_WORK REQUEST_
Report back each line of the records that contains the string "White".

_EXCERPTED DATA_

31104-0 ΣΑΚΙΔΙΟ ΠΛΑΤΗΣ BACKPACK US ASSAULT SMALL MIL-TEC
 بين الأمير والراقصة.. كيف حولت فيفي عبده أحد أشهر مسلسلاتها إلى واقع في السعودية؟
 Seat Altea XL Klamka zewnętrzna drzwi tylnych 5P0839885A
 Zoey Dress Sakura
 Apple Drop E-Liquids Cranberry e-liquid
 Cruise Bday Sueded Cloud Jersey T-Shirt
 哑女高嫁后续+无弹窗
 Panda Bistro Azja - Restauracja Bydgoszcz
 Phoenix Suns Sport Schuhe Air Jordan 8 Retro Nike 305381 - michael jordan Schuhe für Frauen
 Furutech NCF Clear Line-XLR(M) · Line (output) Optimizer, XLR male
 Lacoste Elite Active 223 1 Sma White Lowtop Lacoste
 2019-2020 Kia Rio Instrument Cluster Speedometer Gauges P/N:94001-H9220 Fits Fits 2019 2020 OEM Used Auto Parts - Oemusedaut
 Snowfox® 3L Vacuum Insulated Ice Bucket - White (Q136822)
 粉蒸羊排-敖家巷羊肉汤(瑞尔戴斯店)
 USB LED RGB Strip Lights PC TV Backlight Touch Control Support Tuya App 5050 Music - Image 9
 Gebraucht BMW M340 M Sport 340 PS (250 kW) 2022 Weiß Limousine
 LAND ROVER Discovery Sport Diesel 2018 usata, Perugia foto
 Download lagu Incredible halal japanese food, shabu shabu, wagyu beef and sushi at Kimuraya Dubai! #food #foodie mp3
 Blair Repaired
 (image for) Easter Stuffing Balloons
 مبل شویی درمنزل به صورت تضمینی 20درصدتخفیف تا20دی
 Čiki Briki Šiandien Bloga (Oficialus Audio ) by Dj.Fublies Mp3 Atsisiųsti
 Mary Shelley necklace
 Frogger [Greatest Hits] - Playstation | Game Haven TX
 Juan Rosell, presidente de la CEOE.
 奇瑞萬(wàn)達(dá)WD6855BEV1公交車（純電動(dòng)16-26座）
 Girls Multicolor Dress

_SOLUTION FOR THIS EXERCISE_
 Lacoste Elite Active 223 1 Sma White Lowtop Lacoste
 Snowfox® 3L Vacuum Insulated Ice Bucket - White (Q136822)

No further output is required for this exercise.